Content + Experience

I’m back from the FIPP Digital Innovators Summit last week in Berlin, Germany where a variety of international publishers presented their strategies for monetizing digital content. If there’s one thing that was clear from the conference, it’s that there’s a lot of confusion on what a “digital strategy” means.

Many publishers only use their Web site as part of their digital strategy. Of this group, some companies are using the Web to drive traffic to additional monetized services (i.e paid job listing boards for newspapers; wedding mag TheKnot.com has an entire strategy around wedding services). Some other publishers are using a premium paid content model (The Economist). Still others are trying to monetize via iPhone apps (or expecting to monetize via iPad apps). None are placing their bets on increased CPM rates from ads.

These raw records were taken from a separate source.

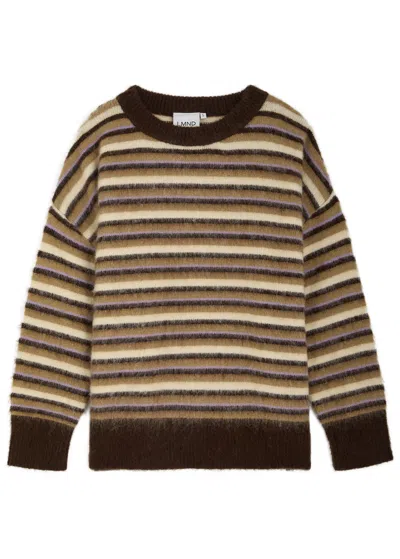 Lmnd Lemonade Dakota Striped Brushed-knit Jumper In Chocolate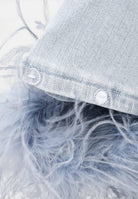TWENTY FOURHAITCH Jeans ARCADE in denim chiaro da donna con piume A0118DCH62P DECH TWENTY FOURHAITCH 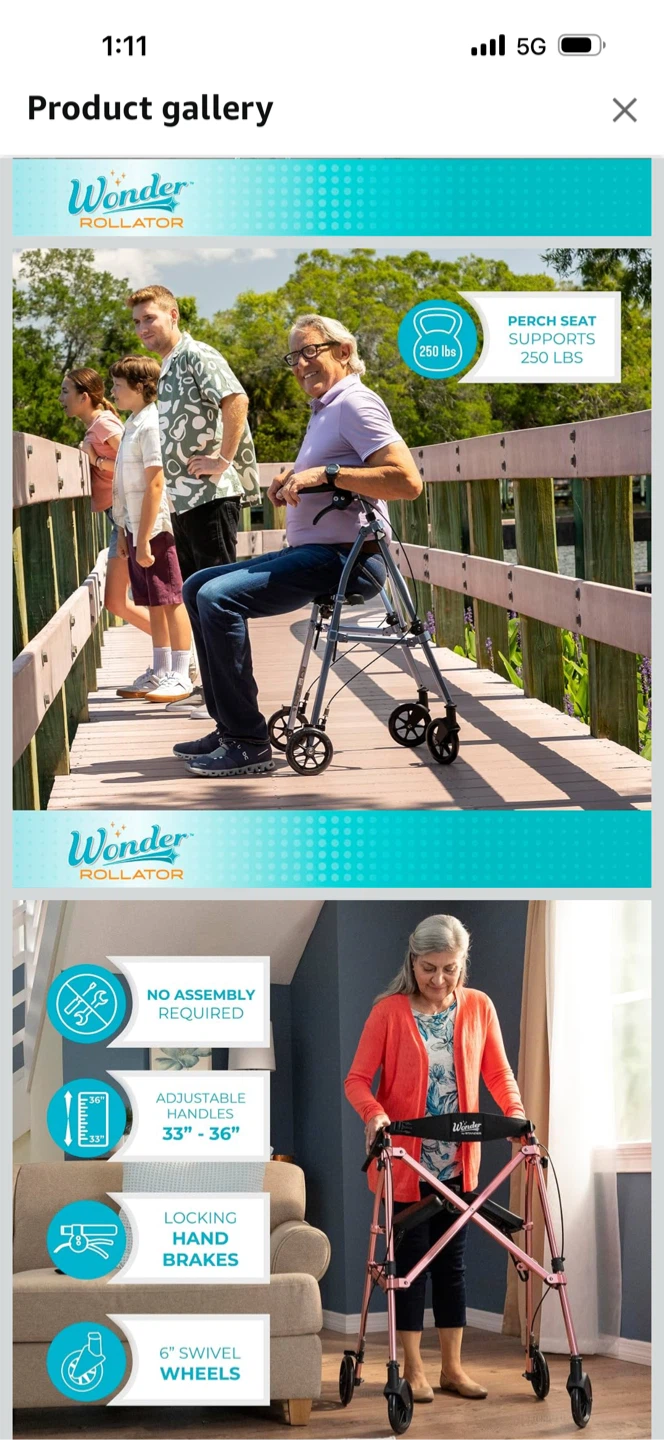 Stander Rollator, Lightweight Folding walker for seniors - photo 3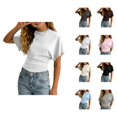 thumbnail image 1 of Girls T Shirt Basic Short Sleeve Crew Neck Ruched Cinched Waist Slim Fitted Summer Shirts Top (3-14Y), 1 of 9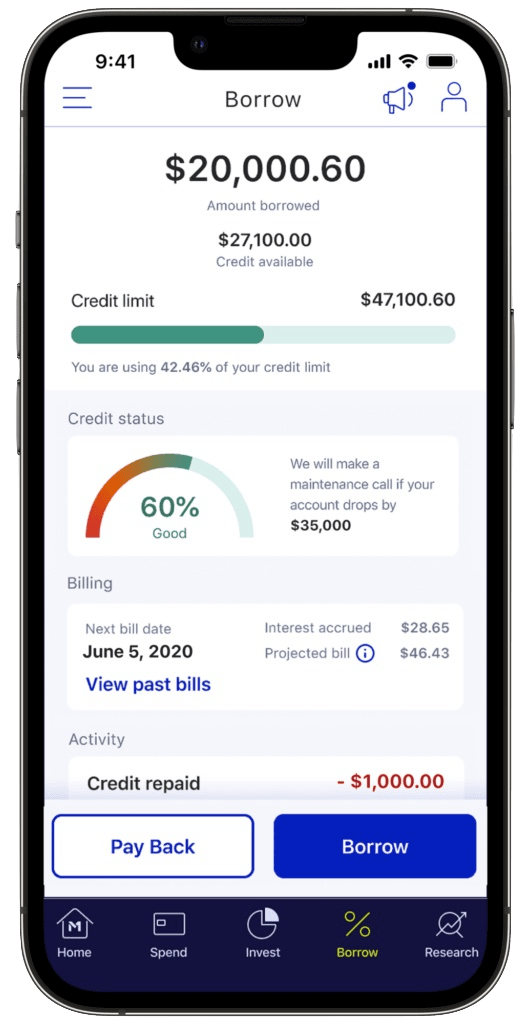 M1 Borrow margin lending product as shown on in the M1 app on an iPhone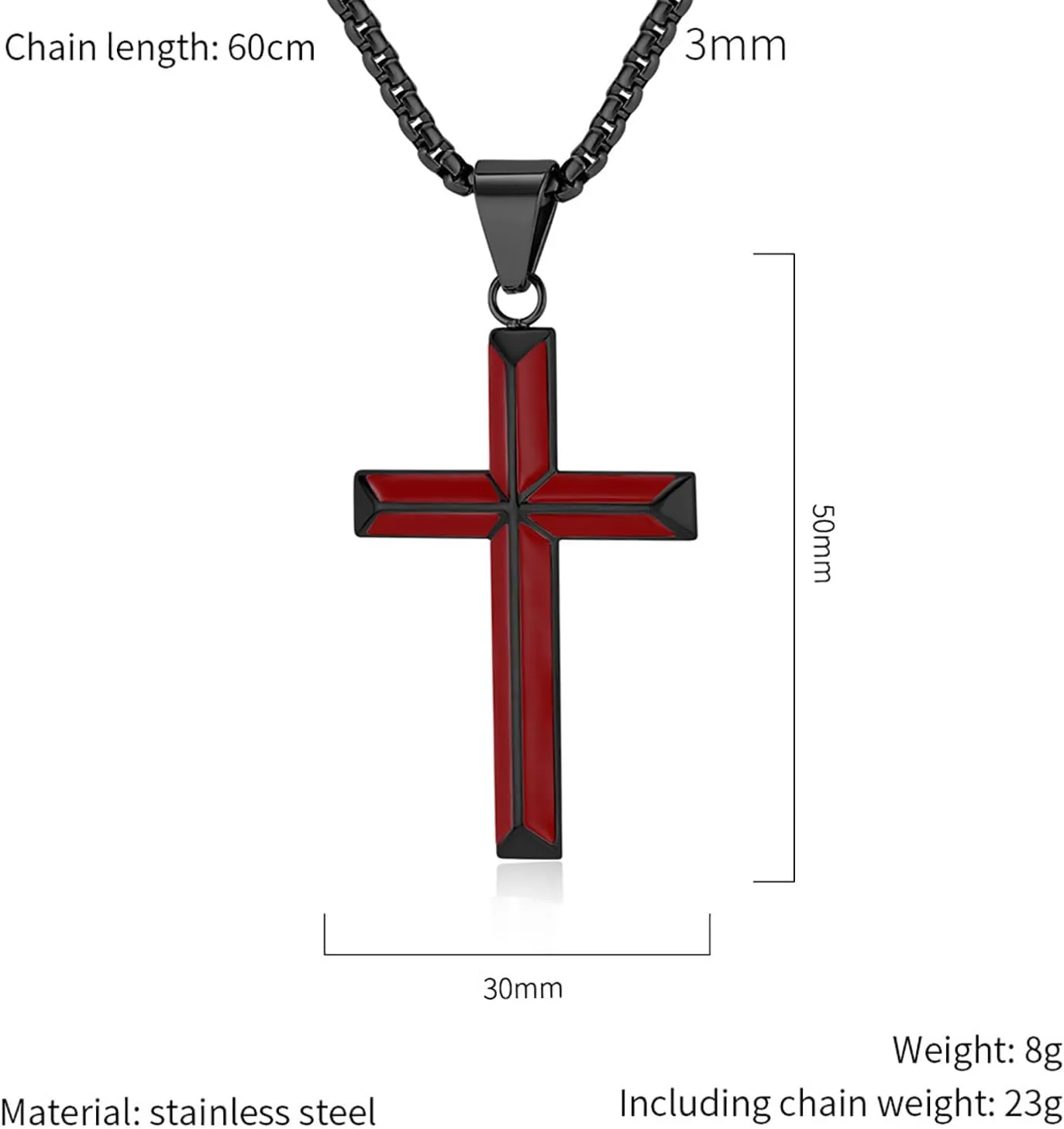 Cross Necklace for Men,Stainless Steel Black Gold Silver Jesus Christ Crucifix Pendant Necklaces Jewelry60cm Rolo Chain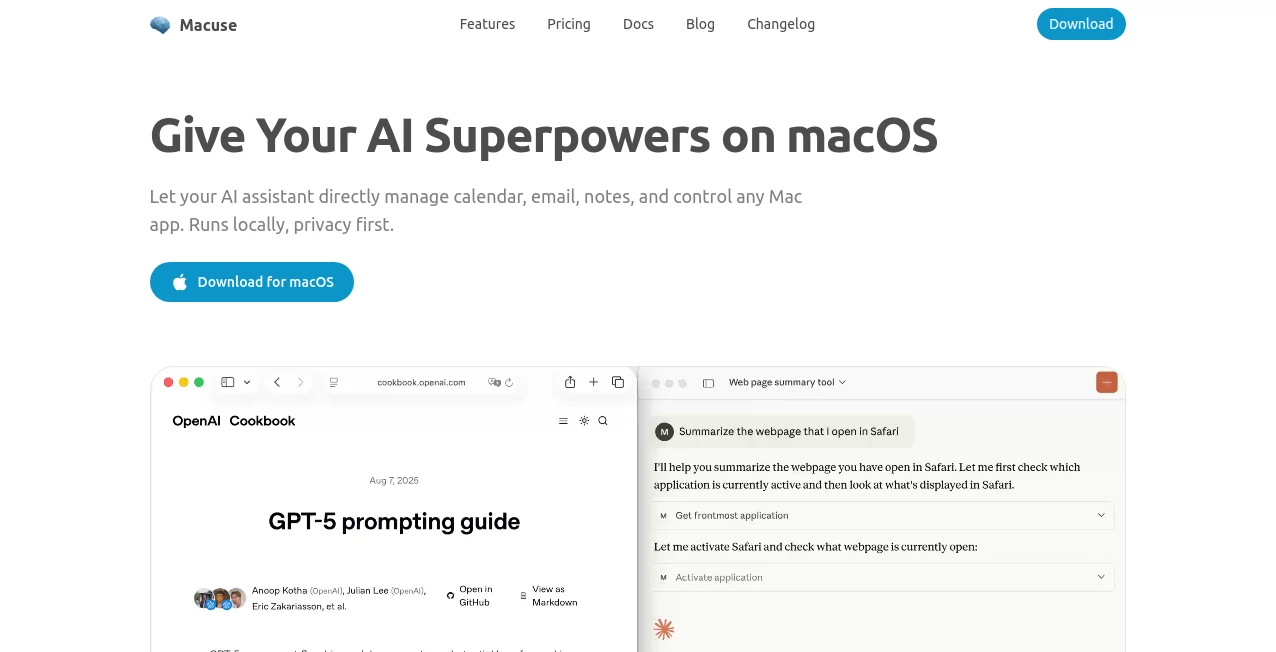 Screenshot of Macuse – An AI tool in the ,AI Productivity Tools ,AI Workflow Management  category, showcasing its interface and key features.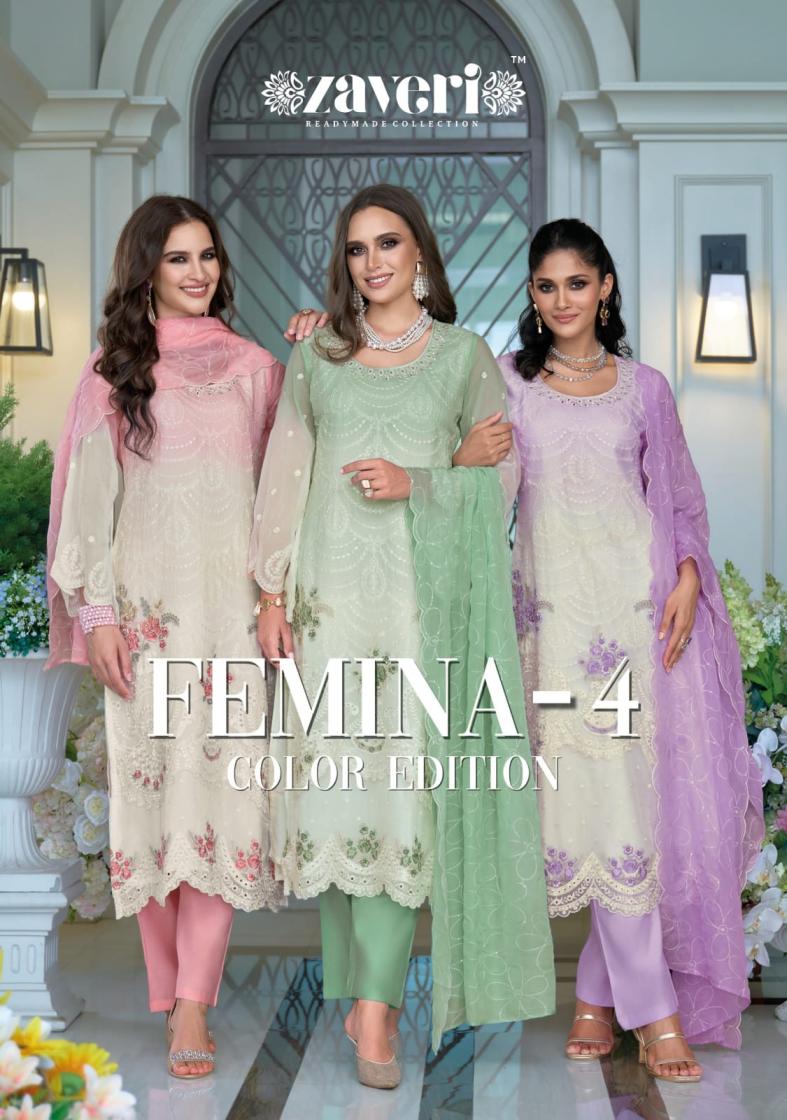 FEMINA VOL 4 BY ZAVERI ORGANZA READYMADE FASHIONALBE 3PCS DRESS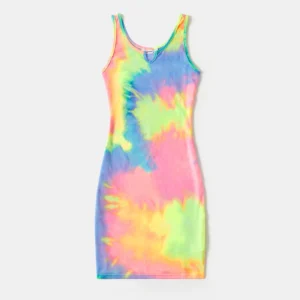 Tie Dye Round Neck Sleeveless Bodycon Dress for Mom and Me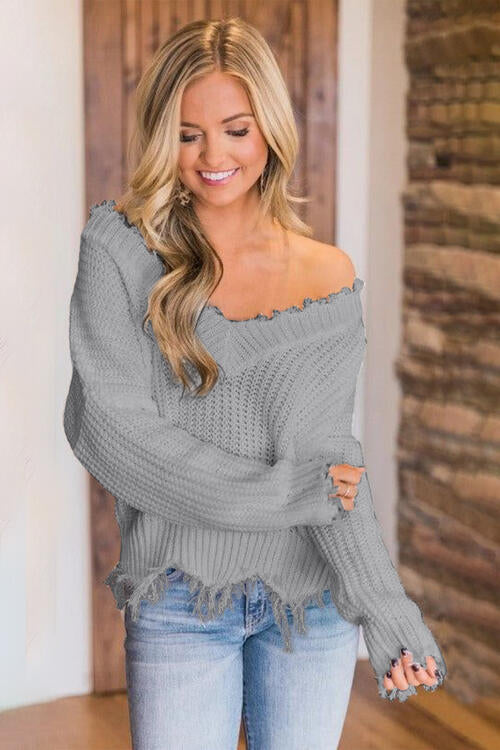 Frayed Hem Dropped Shoulder Sweater (10 Colors) Shirts & Tops Krazy Heart Designs Boutique Cloudy Blue S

The challenge in monetizing digital content lies in the fact that content has become a commodity. Given the confusion over monetization at the Digital Innovators Summit though, it was clear to me that publishers don’t just need another monetization model. Fundamentally, we need to increase the value around content by transforming it into a content experience. It is this content experience that provides differentiation and allows publishers to monetize more effectively.

What is a content experience? One way could be an application like we’ve produced with WIRED magazine that allows increased reader engagement and interactivity with both content and ads. Instead of passively sifting through articles online, readers navigate through the magazine in innovative ways, interact with photo slideshows/video snippets, and engage with advertising content (like through 360 degree object rotation). These interactive features, combined with the tablet form-factor, allow publishers to reach readers in new ways and provide a differentiated option that creates value. Instead of just another monetization model, we need to think about what readers actually want from the content they consume.  Increasingly, readers will want a connection with their content in new and innovative ways – a content experience.